03-24-2006 06:18 AM - edited 03-03-2019 02:27 AM
I enabled CDP globally and on the interfaces on both router and switch. Both router and switch are using CDP V2. I can see CDP information from the switch side but not from the router side. Keepalive is enabled only on the switch side.
I did debugging on both router and switch. On the switch side, I see cdp packets from router coming in, but I don't see the same thing happen on the router side. Input counters on the router side confirm this result.
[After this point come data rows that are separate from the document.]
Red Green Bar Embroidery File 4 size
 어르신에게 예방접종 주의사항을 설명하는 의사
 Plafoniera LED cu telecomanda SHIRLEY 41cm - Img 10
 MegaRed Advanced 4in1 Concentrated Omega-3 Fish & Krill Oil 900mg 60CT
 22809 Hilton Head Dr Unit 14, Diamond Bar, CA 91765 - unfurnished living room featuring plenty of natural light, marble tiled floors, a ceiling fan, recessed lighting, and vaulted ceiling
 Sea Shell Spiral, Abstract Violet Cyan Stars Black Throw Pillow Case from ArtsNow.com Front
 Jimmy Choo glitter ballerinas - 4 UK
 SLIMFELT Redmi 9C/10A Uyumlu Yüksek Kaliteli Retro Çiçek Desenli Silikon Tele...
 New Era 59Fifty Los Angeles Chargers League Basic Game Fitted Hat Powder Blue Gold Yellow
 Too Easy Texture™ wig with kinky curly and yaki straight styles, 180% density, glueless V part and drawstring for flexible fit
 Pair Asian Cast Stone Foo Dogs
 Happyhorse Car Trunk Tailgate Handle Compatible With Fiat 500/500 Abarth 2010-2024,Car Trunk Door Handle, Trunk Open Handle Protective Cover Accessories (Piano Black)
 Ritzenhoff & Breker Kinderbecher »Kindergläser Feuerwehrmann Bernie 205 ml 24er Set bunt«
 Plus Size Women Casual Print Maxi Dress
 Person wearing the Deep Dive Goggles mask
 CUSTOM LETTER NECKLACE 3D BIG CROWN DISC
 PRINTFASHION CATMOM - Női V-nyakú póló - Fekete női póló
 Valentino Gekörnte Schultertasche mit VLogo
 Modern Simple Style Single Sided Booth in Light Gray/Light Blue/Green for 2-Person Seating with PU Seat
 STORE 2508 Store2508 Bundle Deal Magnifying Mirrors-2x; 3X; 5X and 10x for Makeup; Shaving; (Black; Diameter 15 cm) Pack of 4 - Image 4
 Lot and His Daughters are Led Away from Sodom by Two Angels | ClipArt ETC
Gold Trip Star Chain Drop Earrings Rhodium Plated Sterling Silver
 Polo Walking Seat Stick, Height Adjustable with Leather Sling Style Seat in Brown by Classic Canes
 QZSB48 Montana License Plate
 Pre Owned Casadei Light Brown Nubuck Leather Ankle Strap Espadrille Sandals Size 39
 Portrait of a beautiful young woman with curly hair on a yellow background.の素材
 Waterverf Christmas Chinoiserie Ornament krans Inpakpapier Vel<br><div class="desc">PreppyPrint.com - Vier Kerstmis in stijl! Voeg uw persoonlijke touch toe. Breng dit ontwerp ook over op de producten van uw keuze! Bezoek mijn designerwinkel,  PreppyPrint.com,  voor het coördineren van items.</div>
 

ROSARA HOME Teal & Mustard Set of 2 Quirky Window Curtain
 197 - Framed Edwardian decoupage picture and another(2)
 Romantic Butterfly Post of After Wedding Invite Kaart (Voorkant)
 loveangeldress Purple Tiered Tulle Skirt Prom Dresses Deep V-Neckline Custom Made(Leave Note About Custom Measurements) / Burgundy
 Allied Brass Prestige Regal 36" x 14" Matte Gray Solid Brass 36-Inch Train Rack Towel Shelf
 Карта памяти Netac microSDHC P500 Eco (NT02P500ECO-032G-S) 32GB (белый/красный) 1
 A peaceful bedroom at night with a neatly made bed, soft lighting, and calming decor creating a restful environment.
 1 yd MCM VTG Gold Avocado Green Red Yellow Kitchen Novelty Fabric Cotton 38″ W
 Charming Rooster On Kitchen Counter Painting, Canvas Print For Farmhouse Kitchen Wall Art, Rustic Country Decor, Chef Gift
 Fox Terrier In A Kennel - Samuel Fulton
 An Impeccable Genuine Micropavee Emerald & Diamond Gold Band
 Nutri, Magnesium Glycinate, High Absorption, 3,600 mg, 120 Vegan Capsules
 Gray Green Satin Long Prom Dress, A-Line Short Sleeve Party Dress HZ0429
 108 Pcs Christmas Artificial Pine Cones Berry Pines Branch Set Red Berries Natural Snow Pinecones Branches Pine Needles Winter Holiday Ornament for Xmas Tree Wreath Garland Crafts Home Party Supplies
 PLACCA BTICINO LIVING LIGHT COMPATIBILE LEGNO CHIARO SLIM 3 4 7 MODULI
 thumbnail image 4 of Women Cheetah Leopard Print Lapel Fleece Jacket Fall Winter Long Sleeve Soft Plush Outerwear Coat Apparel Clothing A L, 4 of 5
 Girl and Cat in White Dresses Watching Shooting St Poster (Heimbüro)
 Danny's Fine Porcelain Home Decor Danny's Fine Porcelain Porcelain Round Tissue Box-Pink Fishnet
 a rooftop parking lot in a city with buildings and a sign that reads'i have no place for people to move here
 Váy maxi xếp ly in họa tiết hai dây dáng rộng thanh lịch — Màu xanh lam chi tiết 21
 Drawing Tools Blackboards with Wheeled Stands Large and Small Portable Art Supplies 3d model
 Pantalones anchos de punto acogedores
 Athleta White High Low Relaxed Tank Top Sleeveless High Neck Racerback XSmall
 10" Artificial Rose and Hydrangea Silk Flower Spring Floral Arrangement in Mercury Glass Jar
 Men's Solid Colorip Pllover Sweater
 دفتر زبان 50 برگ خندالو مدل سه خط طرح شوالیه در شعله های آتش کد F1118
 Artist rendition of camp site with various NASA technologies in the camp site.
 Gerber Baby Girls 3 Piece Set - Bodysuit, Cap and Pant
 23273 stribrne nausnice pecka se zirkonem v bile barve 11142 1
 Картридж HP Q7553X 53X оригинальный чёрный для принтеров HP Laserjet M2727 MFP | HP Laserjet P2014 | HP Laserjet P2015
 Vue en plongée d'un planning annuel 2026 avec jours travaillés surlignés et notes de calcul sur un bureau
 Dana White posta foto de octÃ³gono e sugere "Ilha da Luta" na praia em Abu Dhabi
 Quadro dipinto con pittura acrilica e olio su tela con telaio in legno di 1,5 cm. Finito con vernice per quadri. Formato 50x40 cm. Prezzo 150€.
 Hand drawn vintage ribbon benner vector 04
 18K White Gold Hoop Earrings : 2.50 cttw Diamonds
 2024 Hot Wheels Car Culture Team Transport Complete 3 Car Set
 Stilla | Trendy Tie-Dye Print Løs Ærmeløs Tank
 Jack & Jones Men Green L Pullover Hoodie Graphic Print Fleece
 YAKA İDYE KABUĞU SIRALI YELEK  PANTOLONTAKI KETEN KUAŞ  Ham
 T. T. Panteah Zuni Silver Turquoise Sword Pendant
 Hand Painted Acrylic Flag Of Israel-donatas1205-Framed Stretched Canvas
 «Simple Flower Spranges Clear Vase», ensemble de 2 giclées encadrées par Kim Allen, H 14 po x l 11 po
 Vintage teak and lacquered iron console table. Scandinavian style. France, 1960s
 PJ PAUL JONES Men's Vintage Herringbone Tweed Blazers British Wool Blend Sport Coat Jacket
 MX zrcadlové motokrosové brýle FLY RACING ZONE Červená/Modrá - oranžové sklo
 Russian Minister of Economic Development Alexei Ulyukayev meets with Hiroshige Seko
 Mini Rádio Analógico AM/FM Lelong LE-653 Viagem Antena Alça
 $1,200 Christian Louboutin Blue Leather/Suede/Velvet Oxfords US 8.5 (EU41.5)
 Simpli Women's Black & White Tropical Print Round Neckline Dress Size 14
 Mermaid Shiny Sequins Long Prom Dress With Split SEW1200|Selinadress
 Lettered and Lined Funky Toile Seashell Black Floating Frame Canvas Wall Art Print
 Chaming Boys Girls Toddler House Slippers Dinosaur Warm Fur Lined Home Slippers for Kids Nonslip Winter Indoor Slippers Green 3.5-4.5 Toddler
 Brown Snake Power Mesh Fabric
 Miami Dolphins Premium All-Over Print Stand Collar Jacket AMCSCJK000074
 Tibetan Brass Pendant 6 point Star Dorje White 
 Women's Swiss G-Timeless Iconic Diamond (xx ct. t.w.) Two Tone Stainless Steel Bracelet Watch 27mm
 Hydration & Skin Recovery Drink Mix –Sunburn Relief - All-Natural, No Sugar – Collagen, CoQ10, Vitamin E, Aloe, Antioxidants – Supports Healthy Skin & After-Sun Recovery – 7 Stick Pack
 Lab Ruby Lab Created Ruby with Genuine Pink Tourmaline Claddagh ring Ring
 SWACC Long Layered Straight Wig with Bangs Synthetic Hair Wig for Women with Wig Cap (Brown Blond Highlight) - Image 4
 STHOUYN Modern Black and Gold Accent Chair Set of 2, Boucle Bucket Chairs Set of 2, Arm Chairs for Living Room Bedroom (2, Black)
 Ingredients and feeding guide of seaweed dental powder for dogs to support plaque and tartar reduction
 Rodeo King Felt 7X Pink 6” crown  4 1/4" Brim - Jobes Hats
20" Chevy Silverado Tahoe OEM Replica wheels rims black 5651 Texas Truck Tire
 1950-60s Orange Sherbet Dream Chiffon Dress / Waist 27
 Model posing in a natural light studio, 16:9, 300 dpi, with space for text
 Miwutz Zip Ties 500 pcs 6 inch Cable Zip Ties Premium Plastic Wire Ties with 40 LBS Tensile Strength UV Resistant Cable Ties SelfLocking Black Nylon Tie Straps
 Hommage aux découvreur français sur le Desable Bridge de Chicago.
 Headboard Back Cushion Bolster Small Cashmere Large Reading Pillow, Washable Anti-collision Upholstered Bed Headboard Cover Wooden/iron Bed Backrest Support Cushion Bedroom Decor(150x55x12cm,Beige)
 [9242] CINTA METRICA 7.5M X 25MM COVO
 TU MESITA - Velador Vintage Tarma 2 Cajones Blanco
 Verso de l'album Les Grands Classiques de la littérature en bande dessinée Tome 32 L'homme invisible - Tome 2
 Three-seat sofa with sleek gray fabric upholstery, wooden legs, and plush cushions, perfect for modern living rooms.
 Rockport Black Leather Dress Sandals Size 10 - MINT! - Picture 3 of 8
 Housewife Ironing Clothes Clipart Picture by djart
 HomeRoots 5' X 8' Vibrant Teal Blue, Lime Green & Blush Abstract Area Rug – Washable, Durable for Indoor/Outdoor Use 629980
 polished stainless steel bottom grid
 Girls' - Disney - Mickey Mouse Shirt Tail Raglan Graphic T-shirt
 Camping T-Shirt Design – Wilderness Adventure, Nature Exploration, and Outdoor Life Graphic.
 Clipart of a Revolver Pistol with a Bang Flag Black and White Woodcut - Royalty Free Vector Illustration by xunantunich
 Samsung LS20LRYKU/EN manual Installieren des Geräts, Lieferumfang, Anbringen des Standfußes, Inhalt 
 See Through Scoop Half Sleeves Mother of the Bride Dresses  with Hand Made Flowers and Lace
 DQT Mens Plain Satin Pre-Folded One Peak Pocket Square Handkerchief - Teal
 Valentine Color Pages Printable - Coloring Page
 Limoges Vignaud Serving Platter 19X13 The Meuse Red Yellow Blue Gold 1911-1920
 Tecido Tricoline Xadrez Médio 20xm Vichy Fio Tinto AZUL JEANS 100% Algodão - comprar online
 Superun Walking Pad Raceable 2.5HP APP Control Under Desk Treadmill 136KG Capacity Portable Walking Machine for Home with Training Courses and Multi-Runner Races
Can anyone help?
Switch#sh cdp traffic
CDP counters :
Total packets output: 104775, Input: 73896
Hdr syntax: 0, Chksum error: 0, Encaps failed: 0
No memory: 0, Invalid packet: 1, Fragmented: 0
CDP version 1 advertisements output: 0, Input: 0
CDP version 2 advertisements output: 104775, Input: 73896
Switch#sh cdp
Global CDP information:
Sending CDP packets every 60 seconds
Sending a holdtime value of 180 seconds
Sending CDPv2 advertisements is enabled
Switch#sh cdp nei
Capability Codes: R - Router, T - Trans Bridge, B - Source Route Bridge
S - Switch, H - Host, I - IGMP, r - Repeater, P - Phone
Device ID Local Intrfce Holdtme Capability Platform Port ID
Router Gig 1/0/19 125 R 3640 Fas 3/0
Router Gig 1/0/21 125 R 3640 Fas 1/1
Router Gig 1/0/5 124 R 3640 Fas 1/0
Router#sh cdp traffic
CDP counters :
Total packets output: 142722, Input: 0
Hdr syntax: 0, Chksum error: 0, Encaps failed: 1
No memory: 0, Invalid packet: 0, Fragmented: 0
CDP version 1 advertisements output: 0, Input: 0
CDP version 2 advertisements output: 142722, Input: 0
Router#sh cdp
Global CDP information:
Sending CDP packets every 60 seconds
Sending a holdtime value of 180 seconds
Sending CDPv2 advertisements is enabled
Router#sh cdp nei
Capability Codes: R - Router, T - Trans Bridge, B - Source Route Bridge
S - Switch, H - Host, I - IGMP, r - Repeater
Device ID Local Intrfce Holdtme Capability Platform Port ID
Regards,
Santi
03-24-2006 06:21 AM
Hi,
It shows router is sending the CDP info but not receving the CDP info. Do you have any ACL on the router interface.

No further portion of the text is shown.